2. The assessee is a trust assessed under the status of an AOP. The only ground taken in these appeals states that the Commissioner (Appeals) erred in directing that only an amount of Rs. 1,80,000 should be considered as the income of the three beneficiaries of the assessee-trust to be shared equally amongst themselves and that the balance income of the assessee-trust should be allocated to Jhaverbhai Patel Charitable Trust No. II.3. The facts of the case leading to the dispute in these appeals can be briefly stated as follows: The assessee-trust was created by a deed of the trust dated 27-4-1964 by Mrs. Surajben Javerbhai Patel for the benefit of her three grand-daughters, Kumari Nina, Kumari Varsha and Kumari Bharati, by setting aside a sum of Rs. 1 lakh. The three beneficiaries have equal shares in the income and corpus of the trust. As per Clauses 4(b) and (c) of the trust deed which are reproduced by the ITO in his assessment order, the net income of the trust was to be divided in three equal parts and be applied for the benefit of the three beneficiaries and this was to operate till Kumari Bharati completes the age of 35 years. After the trust worked in this manner for about 12 years the beneficiaries and the trustees have entered into three different agreements: By these deeds of covenant, the trustees decided to grant annuities of Rs. 5,000 per month to each of the three beneficiaries and by the above deeds of assignment, the three beneficiaries have assigned their rights and shares in the residuary income after the payment of the aforesaid annuities to Jhaverbhai Patel Charitable Trust No. II. Accordingly, it was contended that only an amount of Rs. 1,80,000 should be apportioned amongst the three beneficiaries and the balance of income to the Jhaverbhai Patel Charitable Trust No. II. On the same date, i.e., on 29-3-1976, the three beneficiaries by three separate deeds of gift gifted away their interest in the corpus of the trust property of the assessee-trust. The ITO did not agree. According to him, this arrangement was made to reduce the incidence of Income-tax and wealth-tax on the beneficiaries. The ITO further argued that the arrangement by way of the above-mentioned three agreements has exceeded the provisions of Clauses 4(b) and (c) whereby the trustees were directed to divide the net income equally amongst the beneficiaries.
Under Section 144B of the Income-tax Act, 1961 ('the Act') also the IAC, before whom also the assessee had raised objections, agreed with the ITO that he did not accept that the trustees or the beneficiaries can among themselves come to an agreement to give to the beneficiaries any other thing in lieu of the benefits laid down in the trust deed. He argued that the deeds of covenant resulted in the beneficiaries drawing more benefit than contemplated under the trust deed. For this purpose, he has pointed out the figures of income for the assessment year 1978-79. The IAC also referred to clause 2 of the deed of covenant dated 15-3-1976 and argued that the beneficiaries are also to participate to the extent of one-third in the balance of the net income of the family trust after meeting the liability of the annuities payable to the three beneficiaries. Thus, the income first accrues to the beneficiaries and thereafter applied for charitable purposes and, hence, it is a clear case of application of income and not of an overriding title in favour of the Jhaverbhai Patel Charitable Trust No.II. The IAC distinguished the case of CIT v. Smt. Kastwbai Walchand Trust  63 ITR 656 (SC) on the ground that in that case by a subsequent deed, the beneficiary surrendered her life interest and thus, the beneficial interest shifted towards charitable purposes.

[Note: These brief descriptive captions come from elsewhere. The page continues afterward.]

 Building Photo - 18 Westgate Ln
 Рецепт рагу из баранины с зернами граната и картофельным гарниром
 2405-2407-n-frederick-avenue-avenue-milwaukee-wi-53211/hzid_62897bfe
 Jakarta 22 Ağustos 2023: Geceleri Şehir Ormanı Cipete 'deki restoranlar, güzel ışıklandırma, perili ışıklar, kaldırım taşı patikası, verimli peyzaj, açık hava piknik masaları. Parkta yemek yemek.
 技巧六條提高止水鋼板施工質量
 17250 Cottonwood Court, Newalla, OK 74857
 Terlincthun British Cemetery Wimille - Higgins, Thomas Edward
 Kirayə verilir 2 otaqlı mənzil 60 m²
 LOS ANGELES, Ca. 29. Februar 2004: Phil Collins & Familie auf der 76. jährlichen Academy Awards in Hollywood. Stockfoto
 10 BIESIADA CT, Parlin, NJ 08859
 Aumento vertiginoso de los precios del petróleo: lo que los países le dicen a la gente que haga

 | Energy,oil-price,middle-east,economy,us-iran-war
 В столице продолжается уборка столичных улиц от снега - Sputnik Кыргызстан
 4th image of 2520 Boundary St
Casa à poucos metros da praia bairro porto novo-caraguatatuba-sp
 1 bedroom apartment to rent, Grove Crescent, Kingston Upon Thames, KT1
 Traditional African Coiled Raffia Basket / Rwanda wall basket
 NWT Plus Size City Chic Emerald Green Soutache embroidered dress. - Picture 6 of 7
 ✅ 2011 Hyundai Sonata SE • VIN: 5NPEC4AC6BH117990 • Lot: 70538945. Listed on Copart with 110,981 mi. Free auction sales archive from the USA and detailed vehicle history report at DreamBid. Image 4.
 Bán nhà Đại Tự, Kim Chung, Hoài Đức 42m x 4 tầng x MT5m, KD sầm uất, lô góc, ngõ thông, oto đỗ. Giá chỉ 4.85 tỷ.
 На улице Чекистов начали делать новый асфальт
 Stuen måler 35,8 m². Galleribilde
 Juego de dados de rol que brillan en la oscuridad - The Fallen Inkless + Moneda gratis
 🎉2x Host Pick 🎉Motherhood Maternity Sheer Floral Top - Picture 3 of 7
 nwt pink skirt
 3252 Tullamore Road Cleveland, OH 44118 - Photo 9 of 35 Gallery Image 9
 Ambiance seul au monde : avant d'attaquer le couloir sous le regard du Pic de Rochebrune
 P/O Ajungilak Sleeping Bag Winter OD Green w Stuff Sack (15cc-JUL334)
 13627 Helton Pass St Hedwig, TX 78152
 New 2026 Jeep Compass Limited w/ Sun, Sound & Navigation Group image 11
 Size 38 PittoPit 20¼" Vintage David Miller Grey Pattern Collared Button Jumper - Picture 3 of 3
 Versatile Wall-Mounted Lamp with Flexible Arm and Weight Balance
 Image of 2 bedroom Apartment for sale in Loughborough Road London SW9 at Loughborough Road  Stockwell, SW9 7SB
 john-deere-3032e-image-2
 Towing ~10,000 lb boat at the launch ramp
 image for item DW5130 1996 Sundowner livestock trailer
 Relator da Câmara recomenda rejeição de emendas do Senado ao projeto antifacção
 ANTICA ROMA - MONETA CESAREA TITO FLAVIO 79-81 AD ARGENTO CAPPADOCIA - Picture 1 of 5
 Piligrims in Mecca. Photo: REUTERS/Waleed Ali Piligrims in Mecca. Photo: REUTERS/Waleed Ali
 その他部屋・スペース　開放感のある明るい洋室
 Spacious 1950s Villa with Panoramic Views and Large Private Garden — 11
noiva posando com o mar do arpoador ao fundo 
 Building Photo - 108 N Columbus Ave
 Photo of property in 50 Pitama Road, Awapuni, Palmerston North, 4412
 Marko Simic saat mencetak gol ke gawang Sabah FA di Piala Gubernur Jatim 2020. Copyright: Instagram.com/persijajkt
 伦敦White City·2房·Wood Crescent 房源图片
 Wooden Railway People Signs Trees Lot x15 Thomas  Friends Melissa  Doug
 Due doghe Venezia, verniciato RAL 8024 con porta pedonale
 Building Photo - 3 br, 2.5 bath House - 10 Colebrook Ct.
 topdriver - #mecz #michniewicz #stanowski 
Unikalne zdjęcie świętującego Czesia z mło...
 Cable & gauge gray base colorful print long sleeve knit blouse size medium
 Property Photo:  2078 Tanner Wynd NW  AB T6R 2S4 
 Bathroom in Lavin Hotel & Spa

According to the IAC, there was no stipulation in the trust deed of the assessee and such an effect is sought to be created only by the deeds of assignment executed, subsequently. Thus, according to the IAC, there was nothing in the original trust deed which could have been assigned subsequently. The IAC also argued that the fact that the assessee claimed the payment made to the charitable trust for relief under Section 80G of the Act goes to show that the overriding title was not initially intended but it was only an afterthought.
4. The assessee appealed to the Commissioner (Appeals) and contended that the income of the assessee-trust so far as it exceeds the sum of Rs. 1,80,000 no longer belonged to the original three beneficiaries, but they were effectively transferred to the Jhaverbhai Patel Charitable Trust No. II, which, in effect, became a fourth beneficiary of the trust. It was pointed out that by the deed of assignment, the three beneficiaries diverted the right to receive a share in the income in excess of Rs. 1,80,000 to the aforesaid charitable trust before they were received by them as income. Even their right in the corpus which produced the said income, was also transferred by the separate deeds of gift. Regarding the power of the beneficiaries to do so, reliance was placed on Section 11 and Section 58 of the Indian Trusts Act, 1882, which read as follows: The trustee is bound to fulfil the purpose of the trust, and to obey the directions of the author of the trust given at the time of its creation, except as modified by the consent of all the beneficiaries being competent to contract.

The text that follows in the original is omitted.